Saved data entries
------------------------
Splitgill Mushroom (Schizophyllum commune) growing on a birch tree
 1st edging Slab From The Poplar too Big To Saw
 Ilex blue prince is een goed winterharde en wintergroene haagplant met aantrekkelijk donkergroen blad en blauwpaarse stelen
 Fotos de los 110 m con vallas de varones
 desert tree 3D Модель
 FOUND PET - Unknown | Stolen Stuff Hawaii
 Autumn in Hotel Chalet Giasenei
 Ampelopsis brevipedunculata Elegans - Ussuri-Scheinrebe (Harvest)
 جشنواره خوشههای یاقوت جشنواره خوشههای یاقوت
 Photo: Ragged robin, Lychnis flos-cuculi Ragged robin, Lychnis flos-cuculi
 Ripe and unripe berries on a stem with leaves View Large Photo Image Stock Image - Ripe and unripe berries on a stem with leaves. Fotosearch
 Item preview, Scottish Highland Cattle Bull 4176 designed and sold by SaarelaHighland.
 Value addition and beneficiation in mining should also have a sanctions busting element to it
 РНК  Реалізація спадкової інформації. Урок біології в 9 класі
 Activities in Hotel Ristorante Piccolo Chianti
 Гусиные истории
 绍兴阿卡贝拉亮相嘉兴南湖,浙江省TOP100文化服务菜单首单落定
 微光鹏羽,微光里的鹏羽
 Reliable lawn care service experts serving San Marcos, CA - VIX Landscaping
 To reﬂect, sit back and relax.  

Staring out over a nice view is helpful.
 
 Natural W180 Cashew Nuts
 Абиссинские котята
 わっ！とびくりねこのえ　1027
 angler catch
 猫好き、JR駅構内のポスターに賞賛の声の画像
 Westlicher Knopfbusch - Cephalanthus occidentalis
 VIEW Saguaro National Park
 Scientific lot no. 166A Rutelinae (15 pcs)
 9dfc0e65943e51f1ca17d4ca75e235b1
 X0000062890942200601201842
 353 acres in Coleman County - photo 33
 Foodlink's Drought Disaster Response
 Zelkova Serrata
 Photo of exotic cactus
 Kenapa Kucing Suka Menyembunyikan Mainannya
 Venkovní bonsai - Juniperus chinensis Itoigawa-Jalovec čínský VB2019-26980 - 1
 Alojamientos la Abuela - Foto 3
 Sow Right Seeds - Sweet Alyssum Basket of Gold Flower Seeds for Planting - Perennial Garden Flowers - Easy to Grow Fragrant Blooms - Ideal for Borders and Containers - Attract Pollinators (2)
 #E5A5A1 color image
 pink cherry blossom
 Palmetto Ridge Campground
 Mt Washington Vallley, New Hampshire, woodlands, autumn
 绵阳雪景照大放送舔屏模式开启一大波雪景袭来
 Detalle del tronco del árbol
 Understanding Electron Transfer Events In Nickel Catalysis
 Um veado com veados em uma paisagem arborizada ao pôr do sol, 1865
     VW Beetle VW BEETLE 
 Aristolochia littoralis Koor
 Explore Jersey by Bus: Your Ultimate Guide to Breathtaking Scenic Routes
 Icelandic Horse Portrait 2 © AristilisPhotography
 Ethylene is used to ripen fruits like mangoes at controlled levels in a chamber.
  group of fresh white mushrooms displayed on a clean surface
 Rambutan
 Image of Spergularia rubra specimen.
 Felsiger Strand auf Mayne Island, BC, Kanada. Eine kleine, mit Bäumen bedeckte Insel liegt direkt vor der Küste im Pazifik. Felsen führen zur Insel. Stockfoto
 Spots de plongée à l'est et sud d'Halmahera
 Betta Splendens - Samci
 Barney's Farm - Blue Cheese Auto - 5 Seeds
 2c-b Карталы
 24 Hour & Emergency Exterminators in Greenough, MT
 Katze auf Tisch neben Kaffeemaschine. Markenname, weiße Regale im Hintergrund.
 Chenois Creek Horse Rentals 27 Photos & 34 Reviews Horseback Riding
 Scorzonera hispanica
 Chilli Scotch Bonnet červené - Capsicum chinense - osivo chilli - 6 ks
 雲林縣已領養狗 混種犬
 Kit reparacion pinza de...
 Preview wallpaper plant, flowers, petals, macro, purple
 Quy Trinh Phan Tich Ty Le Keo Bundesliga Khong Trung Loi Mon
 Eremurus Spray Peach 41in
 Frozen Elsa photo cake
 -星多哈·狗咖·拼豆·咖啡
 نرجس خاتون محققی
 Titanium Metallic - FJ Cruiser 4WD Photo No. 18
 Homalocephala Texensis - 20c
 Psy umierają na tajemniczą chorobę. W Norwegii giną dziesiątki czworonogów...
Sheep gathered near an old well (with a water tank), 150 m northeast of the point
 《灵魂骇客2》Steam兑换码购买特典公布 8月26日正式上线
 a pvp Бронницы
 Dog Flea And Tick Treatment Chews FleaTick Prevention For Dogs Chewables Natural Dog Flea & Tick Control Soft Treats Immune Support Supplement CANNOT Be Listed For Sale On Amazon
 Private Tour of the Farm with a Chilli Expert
------------------------
Instructions to follow: Set down the entries again exactly as they are.

Result of the task:
Splitgill Mushroom (Schizophyllum commune) growing on a birch tree
 1st edging Slab From The Poplar too Big To Saw
 Ilex blue prince is een goed winterharde en wintergroene haagplant met aantrekkelijk donkergroen blad en blauwpaarse stelen
 Fotos de los 110 m con vallas de varones
 desert tree 3D Модель
 FOUND PET - Unknown | Stolen Stuff Hawaii
 Autumn in Hotel Chalet Giasenei
 Ampelopsis brevipedunculata Elegans - Ussuri-Scheinrebe (Harvest)
 جشنواره خوشههای یاقوت جشنواره خوشههای یاقوت
 Photo: Ragged robin, Lychnis flos-cuculi Ragged robin, Lychnis flos-cuculi
 Ripe and unripe berries on a stem with leaves View Large Photo Image Stock Image - Ripe and unripe berries on a stem with leaves. Fotosearch
 Item preview, Scottish Highland Cattle Bull 4176 designed and sold by SaarelaHighland.
 Value addition and beneficiation in mining should also have a sanctions busting element to it
 РНК  Реалізація спадкової інформації. Урок біології в 9 класі
 Activities in Hotel Ristorante Piccolo Chianti
 Гусиные истории
 绍兴阿卡贝拉亮相嘉兴南湖,浙江省TOP100文化服务菜单首单落定
 微光鹏羽,微光里的鹏羽
 Reliable lawn care service experts serving San Marcos, CA - VIX Landscaping
 To reﬂect, sit back and relax.  

Staring out over a nice view is helpful.
 
 Natural W180 Cashew Nuts
 Абиссинские котята
 わっ！とびくりねこのえ　1027
 angler catch
 猫好き、JR駅構内のポスターに賞賛の声の画像
 Westlicher Knopfbusch - Cephalanthus occidentalis
 VIEW Saguaro National Park
 Scientific lot no. 166A Rutelinae (15 pcs)
 9dfc0e65943e51f1ca17d4ca75e235b1
 X0000062890942200601201842
 353 acres in Coleman County - photo 33
 Foodlink's Drought Disaster Response
 Zelkova Serrata
 Photo of exotic cactus
 Kenapa Kucing Suka Menyembunyikan Mainannya
 Venkovní bonsai - Juniperus chinensis Itoigawa-Jalovec čínský VB2019-26980 - 1
 Alojamientos la Abuela - Foto 3
 Sow Right Seeds - Sweet Alyssum Basket of Gold Flower Seeds for Planting - Perennial Garden Flowers - Easy to Grow Fragrant Blooms - Ideal for Borders and Containers - Attract Pollinators (2)
 #E5A5A1 color image
 pink cherry blossom
 Palmetto Ridge Campground
 Mt Washington Vallley, New Hampshire, woodlands, autumn
 绵阳雪景照大放送舔屏模式开启一大波雪景袭来
 Detalle del tronco del árbol
 Understanding Electron Transfer Events In Nickel Catalysis
 Um veado com veados em uma paisagem arborizada ao pôr do sol, 1865
     VW Beetle VW BEETLE 
 Aristolochia littoralis Koor
 Explore Jersey by Bus: Your Ultimate Guide to Breathtaking Scenic Routes
 Icelandic Horse Portrait 2 © AristilisPhotography
 Ethylene is used to ripen fruits like mangoes at controlled levels in a chamber.
  group of fresh white mushrooms displayed on a clean surface
 Rambutan
 Image of Spergularia rubra specimen.
 Felsiger Strand auf Mayne Island, BC, Kanada. Eine kleine, mit Bäumen bedeckte Insel liegt direkt vor der Küste im Pazifik. Felsen führen zur Insel. Stockfoto
 Spots de plongée à l'est et sud d'Halmahera
 Betta Splendens - Samci
 Barney's Farm - Blue Cheese Auto - 5 Seeds
 2c-b Карталы
 24 Hour & Emergency Exterminators in Greenough, MT
 Katze auf Tisch neben Kaffeemaschine. Markenname, weiße Regale im Hintergrund.
 Chenois Creek Horse Rentals 27 Photos & 34 Reviews Horseback Riding
 Scorzonera hispanica
 Chilli Scotch Bonnet červené - Capsicum chinense - osivo chilli - 6 ks
 雲林縣已領養狗 混種犬
 Kit reparacion pinza de...
 Preview wallpaper plant, flowers, petals, macro, purple
 Quy Trinh Phan Tich Ty Le Keo Bundesliga Khong Trung Loi Mon
 Eremurus Spray Peach 41in
 Frozen Elsa photo cake
 -星多哈·狗咖·拼豆·咖啡
 نرجس خاتون محققی
 Titanium Metallic - FJ Cruiser 4WD Photo No. 18
 Homalocephala Texensis - 20c
 Psy umierają na tajemniczą chorobę. W Norwegii giną dziesiątki czworonogów...
Sheep gathered near an old well (with a water tank), 150 m northeast of the point
 《灵魂骇客2》Steam兑换码购买特典公布 8月26日正式上线
 a pvp Бронницы
 Dog Flea And Tick Treatment Chews FleaTick Prevention For Dogs Chewables Natural Dog Flea & Tick Control Soft Treats Immune Support Supplement CANNOT Be Listed For Sale On Amazon
 Private Tour of the Farm with a Chilli Expert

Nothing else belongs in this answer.